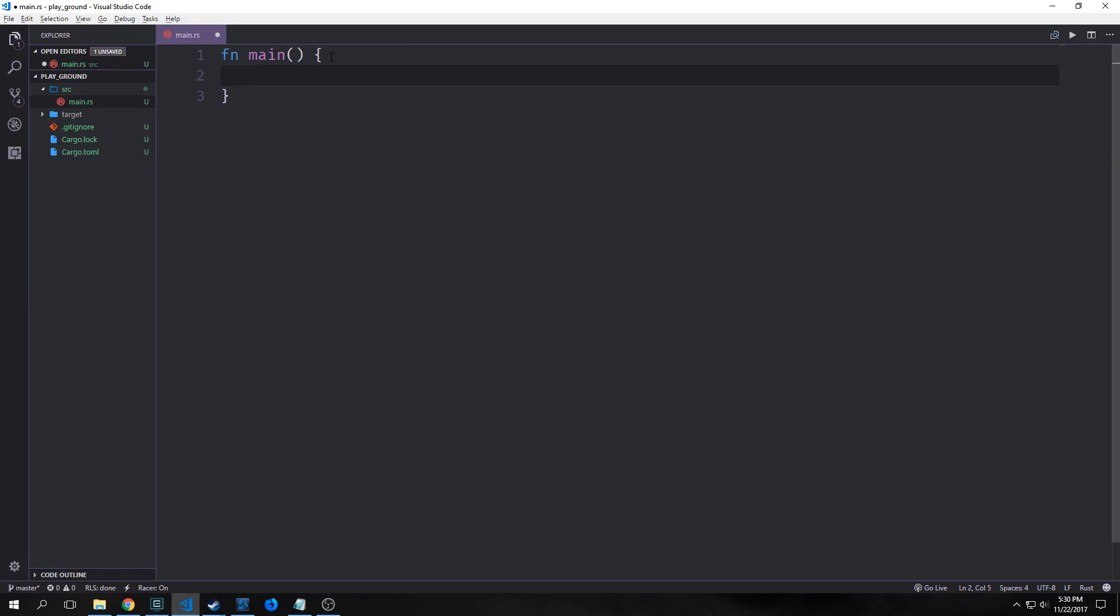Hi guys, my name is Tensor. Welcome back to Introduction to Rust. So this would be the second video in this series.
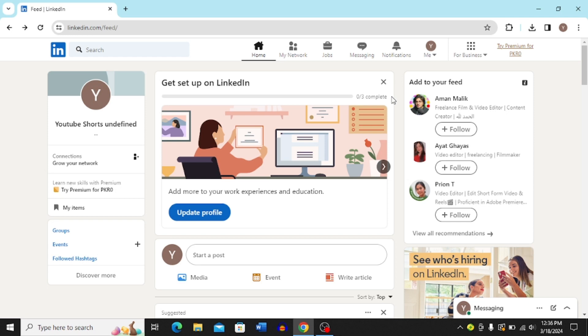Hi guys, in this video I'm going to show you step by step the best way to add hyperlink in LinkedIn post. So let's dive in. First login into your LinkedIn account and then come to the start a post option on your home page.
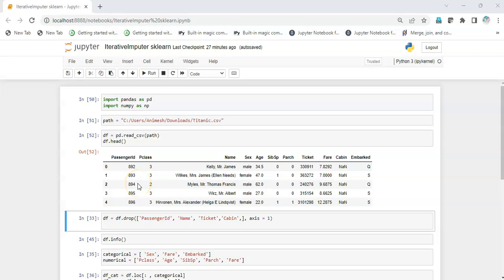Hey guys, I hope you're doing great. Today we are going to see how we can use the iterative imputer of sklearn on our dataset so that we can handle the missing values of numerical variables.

## Work task:
Without including any pictures, reproduce the data exactly.

## Reply:
Hi guys, my name is Tensor. Welcome back to Introduction to Rust. So this would be the second video in this series.
Hi guys, in this video I'm going to show you step by step the best way to add hyperlink in LinkedIn post. So let's dive in. First login into your LinkedIn account and then come to the start a post option on your home page.
Hey guys, I hope you're doing great. Today we are going to see how we can use the iterative imputer of sklearn on our dataset so that we can handle the missing values of numerical variables.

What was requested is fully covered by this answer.